YOUR TASK → Please return all of the records that follow, exactly as written.

DATA →

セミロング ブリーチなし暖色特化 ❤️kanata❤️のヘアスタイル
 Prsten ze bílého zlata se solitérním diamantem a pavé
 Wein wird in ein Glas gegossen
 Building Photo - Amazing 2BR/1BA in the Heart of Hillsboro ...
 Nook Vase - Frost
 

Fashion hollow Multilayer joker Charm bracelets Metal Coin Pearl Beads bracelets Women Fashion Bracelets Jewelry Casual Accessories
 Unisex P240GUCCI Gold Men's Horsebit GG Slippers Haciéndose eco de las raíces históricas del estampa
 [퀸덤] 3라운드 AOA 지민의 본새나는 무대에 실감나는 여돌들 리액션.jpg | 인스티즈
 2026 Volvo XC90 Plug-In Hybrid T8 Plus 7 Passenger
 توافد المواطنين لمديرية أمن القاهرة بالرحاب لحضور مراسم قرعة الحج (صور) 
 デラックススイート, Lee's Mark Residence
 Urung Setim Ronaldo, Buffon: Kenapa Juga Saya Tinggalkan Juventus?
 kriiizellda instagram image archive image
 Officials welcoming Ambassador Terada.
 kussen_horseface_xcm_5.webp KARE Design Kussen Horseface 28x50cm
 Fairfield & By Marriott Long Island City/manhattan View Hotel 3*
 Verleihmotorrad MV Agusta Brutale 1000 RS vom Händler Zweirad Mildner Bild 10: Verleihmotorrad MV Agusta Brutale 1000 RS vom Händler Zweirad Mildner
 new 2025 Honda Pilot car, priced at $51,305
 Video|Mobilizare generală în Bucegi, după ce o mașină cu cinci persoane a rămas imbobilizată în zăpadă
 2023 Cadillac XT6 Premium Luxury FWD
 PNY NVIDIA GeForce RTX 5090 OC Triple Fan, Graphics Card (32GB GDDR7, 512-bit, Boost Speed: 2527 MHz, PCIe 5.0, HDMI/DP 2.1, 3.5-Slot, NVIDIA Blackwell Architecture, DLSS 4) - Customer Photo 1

THE COMPLETED TASK →
セミロング ブリーチなし暖色特化 ❤️kanata❤️のヘアスタイル
 Prsten ze bílého zlata se solitérním diamantem a pavé
 Wein wird in ein Glas gegossen
 Building Photo - Amazing 2BR/1BA in the Heart of Hillsboro ...
 Nook Vase - Frost
 

Fashion hollow Multilayer joker Charm bracelets Metal Coin Pearl Beads bracelets Women Fashion Bracelets Jewelry Casual Accessories
 Unisex P240GUCCI Gold Men's Horsebit GG Slippers Haciéndose eco de las raíces históricas del estampa
 [퀸덤] 3라운드 AOA 지민의 본새나는 무대에 실감나는 여돌들 리액션.jpg | 인스티즈
 2026 Volvo XC90 Plug-In Hybrid T8 Plus 7 Passenger
 توافد المواطنين لمديرية أمن القاهرة بالرحاب لحضور مراسم قرعة الحج (صور) 
 デラックススイート, Lee's Mark Residence
 Urung Setim Ronaldo, Buffon: Kenapa Juga Saya Tinggalkan Juventus?
 kriiizellda instagram image archive image
 Officials welcoming Ambassador Terada.
 kussen_horseface_xcm_5.webp KARE Design Kussen Horseface 28x50cm
 Fairfield & By Marriott Long Island City/manhattan View Hotel 3*
 Verleihmotorrad MV Agusta Brutale 1000 RS vom Händler Zweirad Mildner Bild 10: Verleihmotorrad MV Agusta Brutale 1000 RS vom Händler Zweirad Mildner
 new 2025 Honda Pilot car, priced at $51,305
 Video|Mobilizare generală în Bucegi, după ce o mașină cu cinci persoane a rămas imbobilizată în zăpadă
 2023 Cadillac XT6 Premium Luxury FWD
 PNY NVIDIA GeForce RTX 5090 OC Triple Fan, Graphics Card (32GB GDDR7, 512-bit, Boost Speed: 2527 MHz, PCIe 5.0, HDMI/DP 2.1, 3.5-Slot, NVIDIA Blackwell Architecture, DLSS 4) - Customer Photo 1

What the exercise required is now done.